# Help!! Ants In My Snake Tank!!!!!!



## xX.BrAnDoN.Xx (Apr 7, 2008)

Help!! There Has Been Ants In My Snake Tank...
I Fully Cleand Out My Tank Last Night And I Already Found 4 Ants In The Tank Thismorning!!

I Am Warried As The Ant's Might Try To Eat My Snake!!

Can Any1 Think Of A Solution!?! 

asap


----------



## FredBear (Apr 7, 2008)

Keep around you enclosure clean too. And please learn to type and spell. Your posts are hard to read.


----------



## xX.BrAnDoN.Xx (Apr 7, 2008)

yehhh was trying to type fast...maby if i put ant killing stuff around the tank...
but then maby if they still get in the tank the snake might eat them and get sick...


----------



## HoffOff (Apr 7, 2008)

Please don't type Like that

It is hard to read And generally just keep the Place Clean!


----------



## xX.BrAnDoN.Xx (Apr 7, 2008)

but it is clean!!!!


----------



## HoffOff (Apr 7, 2008)

Hmm Left over food?


----------



## Princey85 (Apr 7, 2008)

Why dont you move your tank and clean around it and check to see where they are coming from, 

and get some ant rid or something ! 

Cheers,


----------



## Chris1 (Apr 7, 2008)

have u put an ant infested log in there?

is there any shed skin in there, i find the shed skin attracts ants, other than that i havent had ants in the snake enclosure. i get them in the dragon enclosures cos of the salads but tehy go away as soon as i take the salads out,...


----------



## Hsut77 (Apr 7, 2008)

Just put bottle caps around the tank with some ant rid in them. They will like that more than your snake. Also if you can trace the ants back to where they are coming from, use ant sand to get rid of them for good.


----------



## xX.BrAnDoN.Xx (Apr 7, 2008)

nope i have only had snake for 3 days and havent fed it yet 

and there is no trail i just keep finding about 4 in there with no trace of were they coming from

and it is about to shed...milky eyes....

but i have got a few gum tree leaves and a stick but they are all clean i cheked them over and washed them be4 i put them in...

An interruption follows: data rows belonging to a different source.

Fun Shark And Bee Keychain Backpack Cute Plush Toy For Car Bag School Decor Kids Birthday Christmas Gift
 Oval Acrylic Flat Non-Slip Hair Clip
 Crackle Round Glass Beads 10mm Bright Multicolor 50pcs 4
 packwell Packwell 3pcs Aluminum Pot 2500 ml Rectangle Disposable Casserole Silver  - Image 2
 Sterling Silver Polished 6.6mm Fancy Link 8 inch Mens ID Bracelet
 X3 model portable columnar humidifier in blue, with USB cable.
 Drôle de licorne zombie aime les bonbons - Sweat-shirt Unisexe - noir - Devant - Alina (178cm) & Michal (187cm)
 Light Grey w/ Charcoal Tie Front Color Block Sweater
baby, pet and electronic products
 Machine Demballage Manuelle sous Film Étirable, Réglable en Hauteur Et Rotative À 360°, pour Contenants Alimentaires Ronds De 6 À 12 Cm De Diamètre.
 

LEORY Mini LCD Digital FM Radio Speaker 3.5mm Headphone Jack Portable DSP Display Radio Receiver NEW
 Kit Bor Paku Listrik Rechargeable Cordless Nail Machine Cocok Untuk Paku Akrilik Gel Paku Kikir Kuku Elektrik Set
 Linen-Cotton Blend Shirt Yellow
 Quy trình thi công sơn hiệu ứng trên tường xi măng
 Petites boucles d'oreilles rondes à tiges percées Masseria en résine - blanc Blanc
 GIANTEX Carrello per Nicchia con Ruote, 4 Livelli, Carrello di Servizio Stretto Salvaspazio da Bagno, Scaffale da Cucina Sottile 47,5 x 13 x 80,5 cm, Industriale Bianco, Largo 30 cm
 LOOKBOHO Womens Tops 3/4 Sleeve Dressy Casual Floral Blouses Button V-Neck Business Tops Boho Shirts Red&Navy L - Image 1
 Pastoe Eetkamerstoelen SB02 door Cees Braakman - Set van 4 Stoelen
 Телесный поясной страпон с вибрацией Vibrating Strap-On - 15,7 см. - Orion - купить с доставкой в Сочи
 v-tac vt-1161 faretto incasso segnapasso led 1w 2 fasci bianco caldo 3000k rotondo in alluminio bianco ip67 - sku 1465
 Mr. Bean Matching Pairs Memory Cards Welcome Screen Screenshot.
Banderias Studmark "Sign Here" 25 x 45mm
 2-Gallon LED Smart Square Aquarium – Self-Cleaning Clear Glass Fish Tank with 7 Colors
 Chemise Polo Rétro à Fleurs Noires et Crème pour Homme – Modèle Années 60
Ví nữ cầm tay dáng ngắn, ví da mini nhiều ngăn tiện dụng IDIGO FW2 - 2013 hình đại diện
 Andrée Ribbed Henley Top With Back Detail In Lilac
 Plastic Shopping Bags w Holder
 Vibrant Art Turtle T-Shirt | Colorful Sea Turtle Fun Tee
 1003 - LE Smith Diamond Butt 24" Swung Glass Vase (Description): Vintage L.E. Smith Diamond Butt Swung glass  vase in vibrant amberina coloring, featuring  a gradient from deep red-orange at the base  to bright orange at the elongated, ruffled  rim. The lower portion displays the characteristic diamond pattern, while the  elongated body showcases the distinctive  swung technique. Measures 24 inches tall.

could they be coming there for leaves or sumfing???


----------



## caustichumor (Apr 7, 2008)

More then likely the ants are after the water in the enclosure. Unless you get a colony of meatants nesting in your enclosure your reptile will be fine. I would just wipe them away as you see them.


----------



## Hsut77 (Apr 7, 2008)

xX.BrAnDoN.Xx said:


> nope i have only had snake for 3 days and havent fed it yet
> 
> and there is no trail i just keep finding about 4 in there with no trace of were they coming from
> 
> ...



Just take the leaves out, no need for them and the likely cause of your troubles. And things from outside should be baked in the oven and washed with disinfectant before going near your snake. So yes SUMFING you have put in there has caused your trouble.


----------



## Miss Morph-lette (Apr 7, 2008)

I had problems with ants a while ago but I haven't had them bother me since. 

I put Ant Rid liquid (small white bottle with a red cap - you can get it from the supermarket) outside the back door, where they had come in, then I sprayed the bejeesus out of the trail of ants leading back to the ant hole with bug spray. I also moved the mice away from the door where the ants had come in (damn stinky mice!)

Good luck getting rid of them!


----------



## xX.BrAnDoN.Xx (Apr 7, 2008)

well iv taken the leaves out and gotten all the ants out of there that are in there atm ill chek to morro and c if anymore are in there


----------



## alex_c (Apr 7, 2008)

the snake wiill not eat them so dont worry.if they are just small black ants they shouldnt hurt the snake.


----------



## xX.BrAnDoN.Xx (Apr 7, 2008)

yeppp thx guys


----------



## warren63 (Apr 7, 2008)

caustichumor said:


> More then likely the ants are after the water in the enclosure. Unless you get a colony of meatants nesting in your enclosure your reptile will be fine. I would just wipe them away as you see them.


Yes they are coming for the moisture, i get them in my gecko tank in the moist area and around the water bowl , just wipe them away and find out where they are coming from and plant a bait, good luck


----------